One more thing – if you go to Maine, you have to eat lobster. Drive until you find a restaurant that’s right on the water, preferably one with a dock, and then order pretty much anything on the menu. Maine is why Seafood Newburg is one of my favorite dishes EVER (as found at The Lobster Pound in Lincolnville). And one more thing – the locals will try to get you to taste a Moxie Soda… do it at your own peril.
1. Jackson, Wyoming
Jackson is definitely the outlier of the bunch and was somewhat spontaneous on our part. While snowed in off and on for nearly two weeks in February 2015, my husband and I were getting stir-crazy. We had an almost-one-year-old son by this point and, having missed our big trip opportunity the previous summer due to having a newborn, we decided to book a trip to somewhere we both had on our bucket lists – Jackson.
Wyoming did not disappoint. We stayed in a cabin on the Snake River about 20 minutes north of Jackson and spent an entire week exploring the Grand Teton National Park and Yellowstone National Park. Yellowstone was very beautiful (and HUGE), but it wasn’t necessarily my favorite. Why? I couldn’t tell you. Between Old Faithful and the Grand Prismatic and the mountains, I should have loved it, but it just didn’t strike too much of a chord for me. My only guess is that it’s because I’m used to the lush forests of the Smokey Mountains, and Yellowstone is quite different.
So if Yellowstone wasn’t my favorite, then why is Wyoming #1? Because of this:
The Grand Teton National Park is absolutely breathtaking. Snow-covered mountains; beautiful, green forests; and winding rivers make this park my favorite thus far. The town of Jackson was pretty neat (especially the square), but what really won me over was just the beauty of the scenery. I told you – I’m a sucker for a good view – and the best views come from nature in my experience.
I really don’t have anything else that I can add to my description of Jackson Hole – it’s a place unlike anywhere you’ll find east of the Mississippi River. Even the airport is incredible. Wildlife is abundant, the air is clean, and the mountains are gorgeous. If you ever get to go, rent some bikes and pedal through the park – it’s worth the energy expenditure. And if you have been, you know what I’m talking about. The Grand Tetons are unfiltered, untouched beauty that cannot be replicated or faked. Take my advice and GO!
Great list! I’m a traveler too 🙂 You’ve given me some places to add to my own list of destinations. You’re right, Charleston is beautiful! We love driving through Maine (and do it at least once/year). But my #1 US destination is The Grand Canyon. Two years ago my husband and I hiked to the bottom and camped for one night before hiking back out. It was an AMAZING experience!!! Definitely a must see.
Ooh, that would be a great spot! I’ve unfortunately not traveled much in the west, but the GC is definitely on the list. Thanks for the suggestion, and thanks for stopping by!
Great post. I will have to make notes because I’m sincerely hoping to visit the US again one day.
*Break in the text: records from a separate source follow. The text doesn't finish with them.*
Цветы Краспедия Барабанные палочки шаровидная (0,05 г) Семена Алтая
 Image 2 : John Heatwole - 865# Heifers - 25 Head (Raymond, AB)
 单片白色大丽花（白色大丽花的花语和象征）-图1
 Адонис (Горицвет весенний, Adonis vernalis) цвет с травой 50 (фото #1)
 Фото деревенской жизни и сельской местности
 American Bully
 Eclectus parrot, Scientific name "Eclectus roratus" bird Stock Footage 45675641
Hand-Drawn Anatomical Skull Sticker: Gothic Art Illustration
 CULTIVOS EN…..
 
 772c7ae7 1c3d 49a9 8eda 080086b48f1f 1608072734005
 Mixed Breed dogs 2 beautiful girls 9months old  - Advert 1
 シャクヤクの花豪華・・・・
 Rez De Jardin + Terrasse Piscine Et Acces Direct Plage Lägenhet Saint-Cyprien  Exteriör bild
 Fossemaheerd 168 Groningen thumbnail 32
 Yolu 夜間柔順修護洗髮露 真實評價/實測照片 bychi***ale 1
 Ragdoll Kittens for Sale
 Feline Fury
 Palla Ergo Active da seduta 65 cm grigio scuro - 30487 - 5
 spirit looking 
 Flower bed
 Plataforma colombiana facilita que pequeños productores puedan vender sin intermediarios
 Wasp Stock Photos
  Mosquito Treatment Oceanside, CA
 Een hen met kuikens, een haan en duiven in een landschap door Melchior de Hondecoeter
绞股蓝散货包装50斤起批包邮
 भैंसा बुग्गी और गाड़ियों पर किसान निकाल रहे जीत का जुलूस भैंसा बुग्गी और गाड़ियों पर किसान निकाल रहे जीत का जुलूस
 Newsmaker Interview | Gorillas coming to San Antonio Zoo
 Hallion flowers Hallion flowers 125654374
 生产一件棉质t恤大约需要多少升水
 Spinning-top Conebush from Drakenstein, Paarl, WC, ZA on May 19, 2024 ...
We travelled in a motorhome for almost 4 weeks through the west of the USA – LOVED IT. My favourite was Oregon, but also Utah, the Big sur …. and that eerie place somewhere in the woop woops in Idaho. We had such a wonderful time and were grateful to all the people we met.
That sounds like a wonderful trip! I’d love to travel through the southwest and up the west coast by RV. So glad you had the opportunity to do that!